It is possible to do it yourself, if you are comfortable with these steps...

Take your deed.  Copy it, word-for-word, using the same eggsact format + language.
... Except where it says "Grantor," use the name/address of the current "Grantee(s)."
... and for "Grantee," use the names/addresses of whoever you want to be owners.
... (including yourself)... Also change the "Prepared by" + "Return to" notations.
Then have it signed, witnessed and notarized, just like the old deed.
_It doesn't matter if it's a Warranty Deed or Quitclaim Deed, since it's in the family._

Call the County Clerk's Public Records Division where the TS is located.
Get a fee quote & send them the deed, a check, and a stamped, return envelope.
After the deed is returned, send it to HGVC with a letter saying "This is not a sale."
.


----------



## vincepecoraro (Sep 22, 2015)

I figured it couldn't be that hard. I have done it a few times in OH. 

Thank you all of the help!


----------



## 1Kflyerguy (Oct 1, 2015)

Hello,  slightly different twist on this.

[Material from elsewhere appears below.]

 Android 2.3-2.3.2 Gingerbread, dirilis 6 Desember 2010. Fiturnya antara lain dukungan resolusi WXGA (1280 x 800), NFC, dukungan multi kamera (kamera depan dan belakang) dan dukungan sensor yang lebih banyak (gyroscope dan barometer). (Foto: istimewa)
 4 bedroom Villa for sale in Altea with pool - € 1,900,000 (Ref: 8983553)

We are taking our first TS trip with friends.  We are heading to Elara later in Oct.  I have two one bedrooms booked, they are on separate reservations, as we are actually staying as part of VIP package.

We will be checking in together, so in theory i don't need a guest certificate.  What are the odds they will change name associated with the second room at time of check-in, or at least allow my friends credit card to be associated with the room for any charges?

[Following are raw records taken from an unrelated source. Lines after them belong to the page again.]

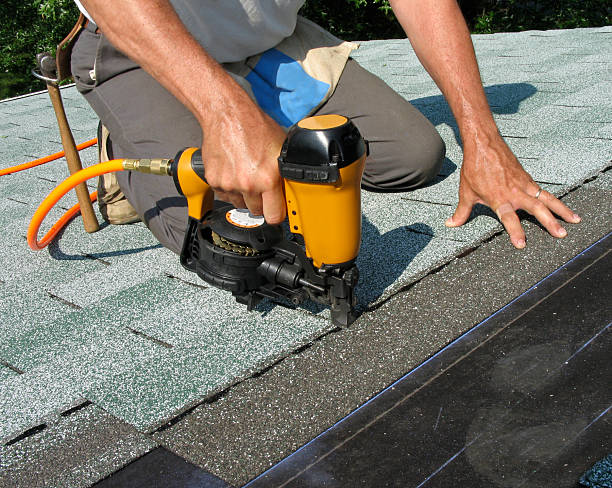 Reliable Emporia, KS Roofing Contractor Solutions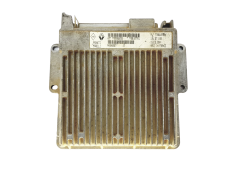 Calculateur 7700868295 7700107721 7700107694 Renault 27788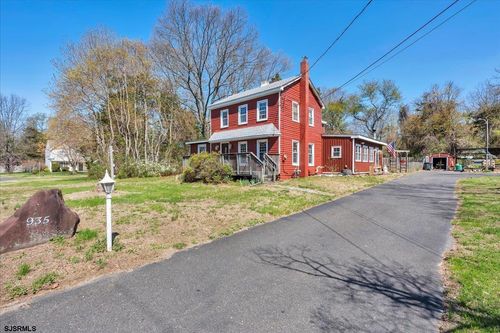 935 Winslow Road, Williamstown, NJ, 08094 | Card Image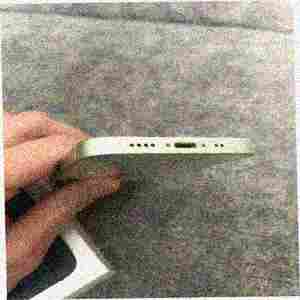 IPhone 12 Mini 128GB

Just trying to avoid the certificate fee if possible, but don't want any hassles either....


----------



## raygo123 (Oct 1, 2015)

If you are VIP, have you used your GC up?  If you have not just call and change the name to their's on the reservation.  It is free. Silver has 5, see page 339.

Sent from my Nexus 7 using Tapatalk


----------



## SmithOp (Oct 1, 2015)

1Kflyerguy said:


> Hello,  slightly different twist on this.
> 
> 
> 
> ...




Ive done similar in Hawaii, had units booked at Kingsland and Bay Club.  I checked in at Kingsland and added my brother-in-laws name at the desk and used his credit card.  They asked for all guest names, up to the 6 limit for the 2br I reserved.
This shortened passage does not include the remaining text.